Mikhail Nesterov's Philosophers, Pavel Florensky (left) and Sergei Bulgakov 1917
Mikhail Nesterov's Philosophers, Pavel Florensky (left) andSergei Bulgakov 1917

Sergey Nikolayevich Bulgakov or Sergei Nikolaevich Bulgakov (Russian: b. June 16, 1871 O.S., Livny - July 12, 1944, Paris) was a Russian Orthodox theologian, philosopher, and economist. In light of the ideological struggles in early twentieth-century Russia, Bulgakov's evolution from Marxism, to Idealism, to the Christian faith is a significant development in the life of a prominent intellectual figure. His thoughts provided an alternative vision, as opposed to communism, for the integration of Christian ideology into Russian politics and society.

Life and Works

Sergei Bulgakov was born to the family of an Orthodox priest in the town of Livny, Oryol Gubernia on June 16, 1871. He studied at Orel seminary, then at Yelets gymnasium.
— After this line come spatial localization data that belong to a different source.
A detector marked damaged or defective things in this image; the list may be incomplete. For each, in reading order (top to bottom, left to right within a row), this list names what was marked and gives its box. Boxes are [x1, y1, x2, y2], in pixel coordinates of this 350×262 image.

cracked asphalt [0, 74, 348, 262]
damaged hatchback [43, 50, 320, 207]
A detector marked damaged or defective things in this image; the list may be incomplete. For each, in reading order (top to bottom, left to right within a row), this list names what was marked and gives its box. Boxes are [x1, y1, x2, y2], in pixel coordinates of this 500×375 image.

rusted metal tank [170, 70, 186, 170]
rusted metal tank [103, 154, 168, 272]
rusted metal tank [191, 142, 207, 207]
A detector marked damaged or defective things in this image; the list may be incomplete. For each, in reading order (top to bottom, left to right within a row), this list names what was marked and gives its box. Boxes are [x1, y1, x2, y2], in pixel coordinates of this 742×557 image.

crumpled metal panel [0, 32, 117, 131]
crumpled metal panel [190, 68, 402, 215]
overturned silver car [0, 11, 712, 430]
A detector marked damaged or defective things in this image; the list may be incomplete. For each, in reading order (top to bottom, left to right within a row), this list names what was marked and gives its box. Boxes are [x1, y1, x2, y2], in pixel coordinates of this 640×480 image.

In 1894, he graduated from the Law School of Moscow University, where he had also undertaken a serious study of political economy.
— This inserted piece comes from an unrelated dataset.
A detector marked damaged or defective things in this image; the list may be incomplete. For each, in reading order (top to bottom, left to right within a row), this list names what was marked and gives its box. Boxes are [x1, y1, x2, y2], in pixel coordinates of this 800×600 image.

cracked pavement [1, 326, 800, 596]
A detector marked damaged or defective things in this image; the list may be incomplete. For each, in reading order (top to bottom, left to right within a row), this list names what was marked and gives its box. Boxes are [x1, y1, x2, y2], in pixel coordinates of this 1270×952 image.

During his study at the seminary, Bulgakov became interested in Marxism and took part in the Legal Marxism movement. Studying Marxism, Bulgakov eventually became convinced of the impotence of this theory. Under the influence of works of Russian religious thinkers (Leo TolstoyFyodor DostoevskyVladimir Solovyov, etc.), in the course of his meetings and arguments with Leo Tolstoy he re-discovered his religious beliefs. He wrote a book about his evolution (Sergey Bulgakov, From Marxism to Idealism, 1903).

Such an evolution was common for the Russian intelligentsia of the time, and he soon became one of their recognized ideologists. A primary contributor to the books Problems of Idealism (1902), VekhiProblems of ReligionAbout Vladimir SolovyevAbout Religion of leo TolstoyReligion of Solovyov's Philosophical Society, he participated in the journals New Way and Questions of Life. He was a leader of the publisher Way (1911-1917), where he printed many important works of contemporary Orthodox Theology.

In 1906, he was elected as an independent Christian Socialist to the Second Duma. He published the important original monographs Philosophy of Economy (1912) and Unfading Light (1917), in which he first offered his own teaching based on the combination of sophiology of Vladimir Solovyov and Pavel Florensky, the later works of Schelling, and his own intuition-based ideas about the Orthodox faith.

When he returned to the Russian Orthodox Church, he was ordained into the priesthood (1918), and rose to prominence in church circles. He took part in the All-Russia Sobor of the Orthodox Church that elected patriarch Tikhon of Moscow. Bulgakov rejected the October revolution and responded with On the Feast of the Gods (1918), a book similar to the Three talks of Vladimir Solovyov.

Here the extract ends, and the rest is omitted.